Time to write another timely installment of MARVEL AGE MAGAZINE's most time-consuming column. My subject this month: (what else?) time. The subject of how the internal passage of time in the pages of Marvel Comics relates to its reders' external experience of time is a subject I've already covered, some time ago (if you'll pardon the expression). This time 'round I want to talk about time travel.

On of the more interesting aspects of my job as Senior Executive Editor is I was the one who got to research, work out, and write up the rules pertaining to time travel in the Marvel Universe for our in-house editors' policy handbook. Before I came on the scene, Marvel-- a publishing outfit which prides itself on its internal consistency-- was a wee bit relaxed when it came to how time travel worked. Writers were free to have it work every which way (including loose) with no regard to what had already been established.

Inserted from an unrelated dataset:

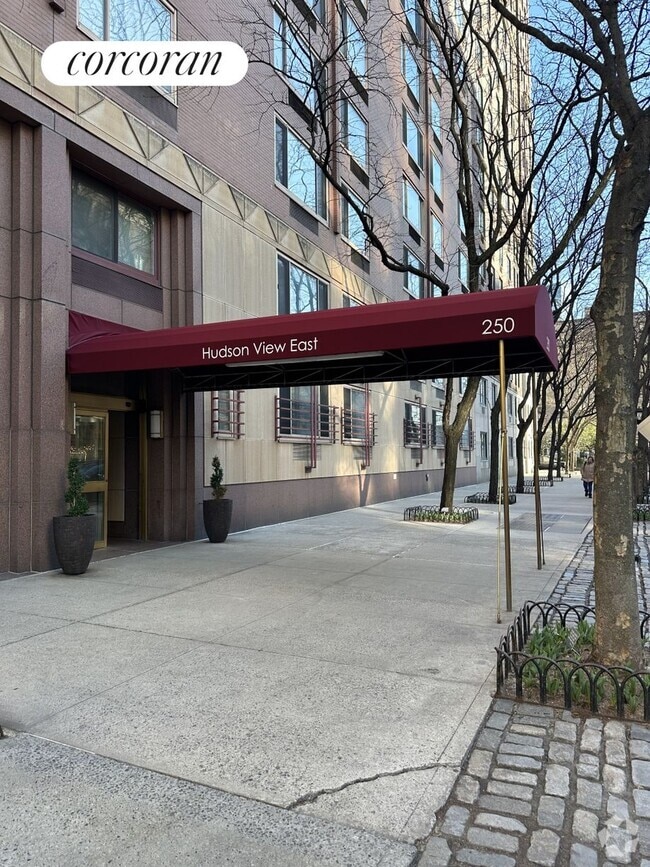 Building Photo - 250 S End Ave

Once I was designated consistency cop, it was up to me to develop the rules of M.U. time travel using the consensus of information. It was a job I must admit I relished since, ever since my self-published fanzine days, I was interested in the way fictional realities worked. So, printed here for a general audience for the first time are Marvel's official rules of time travel...

Time travel should be used very sparingly in order to keep the phenomenon as special as possible. To ensure that future usage of the phenomenon are kept consistant with the majority of past usages, observe the following principles:

1. The Marvel Universe is part of a multiverse(a system of related universes) which diverge from one another at critical junctures.

2. The act of time travel always produces a critical juncture diverging a new alternate timeline or world at the moment one enters the reality of another time period, past or future of the time period set out from. It creates one timeline where an extratemporal person or element materialized via time travel, and one 'virgin' timeline where that person or element did not.

3. Because it is impossible to travel to the 'virgin' timeline, and because divergent timelines are dimensionally displaced from one's root timeline, all time travel actually involves dimensional travel. A time traveler does not truly travel straight backwards or forwards in time, but backwards or forwards and a bit off to the side to a divergent timeline now running parallel to one's timeline of origin. Since this timeline will have been identical to the 'virgin' timeline until the moment of divergence, there will be virtually no differences between the two timelines until most time travelers have no reason to be aware that they are not on the 'virgin' timeline.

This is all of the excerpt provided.